Dziecko jest wytrawnym widzem

Na pierwszą tegoroczną premierę w Teatrze Wielkim w Poznaniu złożyły się dwie inscenizacje oper zwanych dziecięcymi: Dziecka i czarów Maurice'a Ravela oraz Słowika Igora Strawińskiego. Oba spektakle wyreżyserował Ran Arthur Braun, zaś autorem scenografii i kostiumów był Justin C. Arienti - twórcy ci współpracowali już w Poznaniu przy Cyberiadzie Krzysztofa Meyera.


W inscenizacji Dziecka i czarów najbardziej raziło rewiowe potraktowanie kolejnych wystąpień spersonifikowanych zwierząt, mebli i sprzętów z najbliższego otoczenia tytułowego Dziecka (Magdalena Wilczyńska-Goś). Zamiast hiperbolicznego dziecięcego pokoju na scenie pojawiła się znacznych rozmiarów atrapa fortepianu, po którego klapie paradowali skrzywdzeni przez krnąbrnego chłopca bohaterowie. W takiej przestrzeni niezwykle trudno osiągnąć wrażenie osaczenia Dziecka przez przedmioty pozornie przez nie oswojone. Nadąsany Fotel, zadziorne Ogniki, skrzywdzona Księżniczka (by wymienić tylko kilka postaci) - każde z nich pojawiało się osobno, wkraczając na pochyłą klapę fortepianu jak na małą scenę i z niej przedstawiając Dziecku swoje żale. Siłą rzeczy, główny bohater pozostawał wobec nich w roli widza, który z ogromnym zdziwieniem i lekkim przestrachem ogląda rozgrywający się na jego oczach przedziwny spektakl. W podzielonym na kolejne numery przebiegu inscenizacji nie było nic z nieposkromionej dziecięcej wyobraźni, która, pozostawiona sama sobie, dostrzega w zwykłych przedmiotach tajemniczy i niepokojący świat.

Dziecko i czary nie jest wszak mdłą powiastką dydaktyczną - to raczej próba zobrazowania mechanizmów psychiki dziecka, w której egocentryzm przeplata się z niewinną empatią, a brak kontroli ze strony dorosłych otwiera z pozoru nieograniczoną, ostatecznie zaś przerażającą i trudną do zniesienia wolność.

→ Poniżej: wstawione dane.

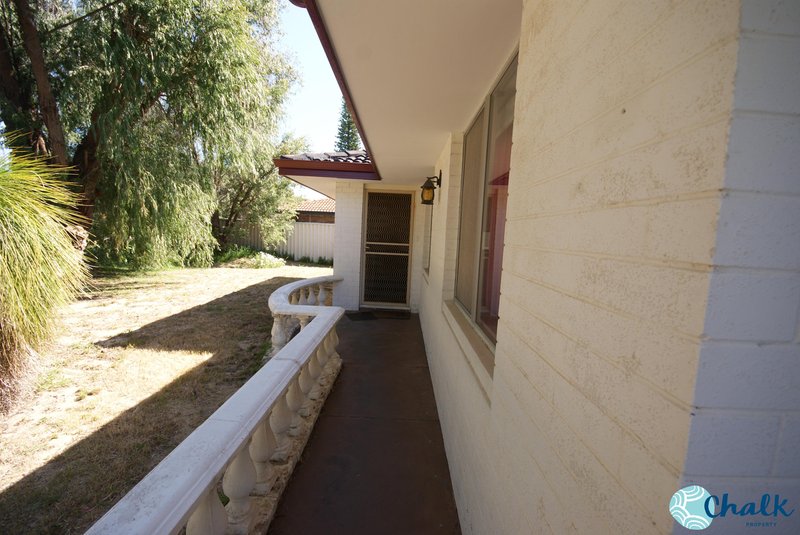 Photo - 16 Studzor Street, Warnbro WA 6169 - Image 3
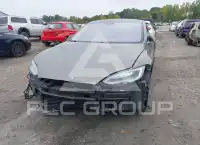 2016 Tesla MODEL S фото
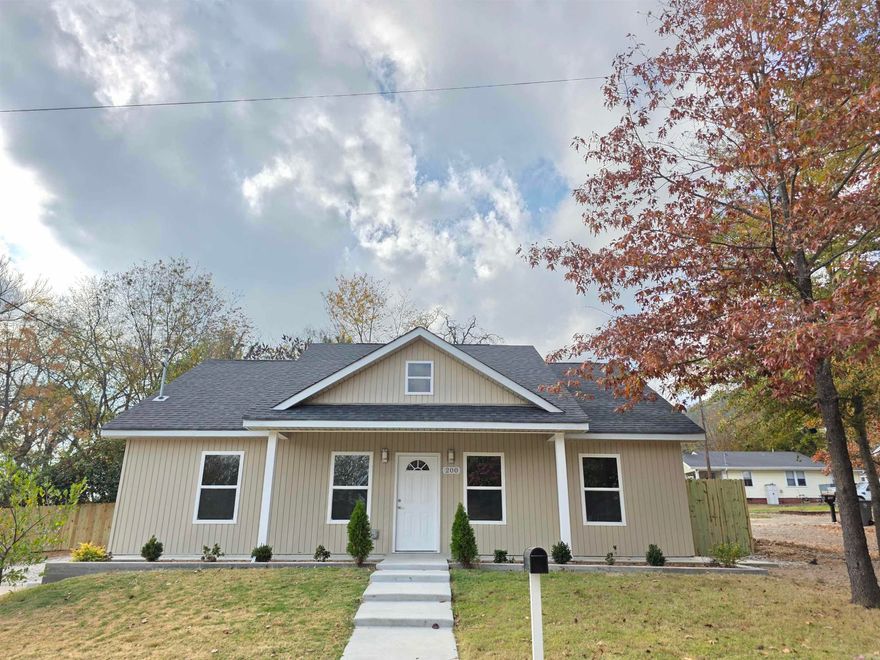 Move fast—this brand-new 3BR home near Hot Springs National Park delivers modern style, low-maintenance living, and unbeatable convenience. Just minutes from downtown, this new construction offers soaring ceilings, an open-concept layout, and fresh neutral finishes that feel spacious and luxurious without the luxury price tag. Perfect for buyers with busy lifestyles, the exterior is designed for minimal upkeep, while shopping, dining, and outdoor adventure are all close by. If you want quality, convenience, and value in one beautiful package, don’t wait—homes like this go quickly!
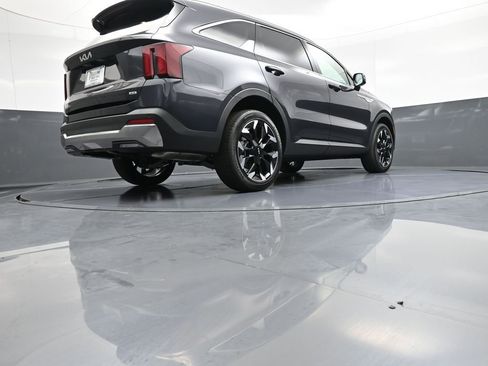 New 2026 Kia Sorento EX AWD/4WD image 31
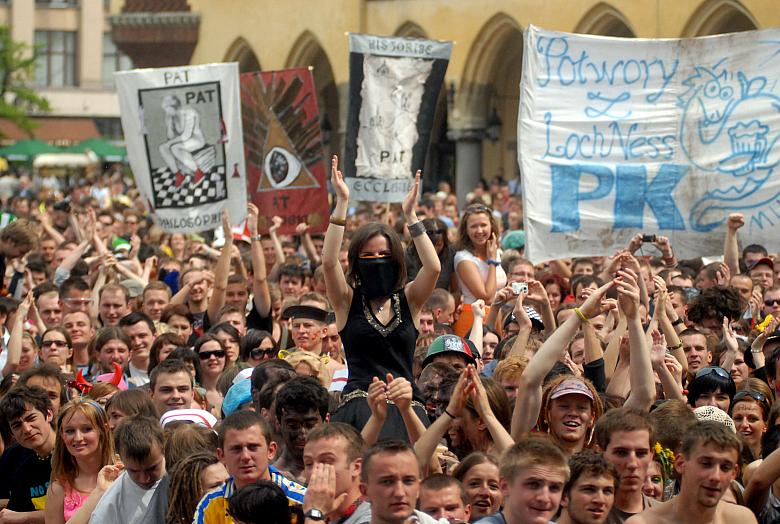 Młodzież akademicka bawiła się na Rynku Głównym.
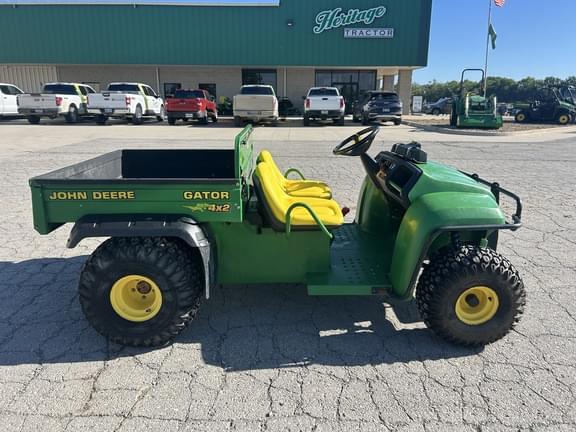 Image of John Deere Gator 4X2 equipment image 4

Koncepcja Rana Arthura Brauna nie miała chyba ambicji głębszego wniknięcia w libretto Colette, reżyserowi nie udało się także podkreślić subtelności muzycznych nawiązań Ravela, który w tej operze bawi się najrozmaitszymi konwencjami.

Ciekawym zabiegiem było umieszczenie chóru na widowni

- dzięki zakamuflowaniu śpiewaków, którzy wyglądali na zwykłych widzów, udało się przekroczyć granicę między obserwatorem a uczestnikiem spektaklu. Szkoda, że pomysł ten sprawdził się tylko w tym jednym aspekcie; jego poszerzenie - wciągnięcie widzów w świat Dziecka - byłoby może uzasadnieniem dla potraktowania klapy fortepianu jako sceny na scenie.

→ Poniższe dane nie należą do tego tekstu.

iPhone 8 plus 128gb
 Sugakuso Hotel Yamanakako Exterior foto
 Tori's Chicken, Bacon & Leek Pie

Powierzchowność interpretacji Brauna wzmagał także brak nadrzędnej wizji estetycznej, spajającej warstwę wizualną spektaklu. Kostiumy były wprawdzie barwne, a niektóre sugerowały nawet obrażenia, jakich ich właściciele doznali z rąk Dziecka (rozdarty Piesek i poszarpane postaci z tapety, którą Dziecko z wściekłością zdarło ze ściany), biorąc jednak pod uwagę ich pluralizm stylistyczny, trzeba przyznać, że ten dziecinny pokój nie był urządzony ze smakiem. Wyjątek stanowiły Chińskie Filiżanki i Wiewiórka, przedstawione z wdziękiem.

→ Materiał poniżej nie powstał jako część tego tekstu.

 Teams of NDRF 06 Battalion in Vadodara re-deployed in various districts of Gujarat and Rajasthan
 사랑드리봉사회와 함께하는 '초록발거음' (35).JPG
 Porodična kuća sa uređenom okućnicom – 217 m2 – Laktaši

Znacznie spójniej stylistycznie wypadł Słowik. Ascetyczna scenografia opierała się głównie na grze świateł oraz rozdzieleniu sceny trzema prześwitującymi zasłonami. Ciepłe barwy kostiumów świetnie korespondowały z tematem opery: szczerością świata natury, którego nie sposób schwytać w sidła cywilizacji. Sam Słowik występował w dwóch postaciach: drobnej i zwinnej tancerki, która niezwykle sugestywnie odmalowała ruch niepozornego ptaszka oraz głosu, równie wspaniale zilustrowanego przez niewidoczną na scenie śpiewaczkę Małgorzatę Olejniczak-Worobiej.

Nie bez znaczenia był także język przedstawienia: w przeciwieństwie do Dziecka i czarów, Słowik został wykonany w polskiej wersji językowej, dzięki czemu był nieco bardziej przystępny dla najmłodszych widzów, choć sama fabuła nie jest łatwa do odczytania z przebiegu akcji scenicznej.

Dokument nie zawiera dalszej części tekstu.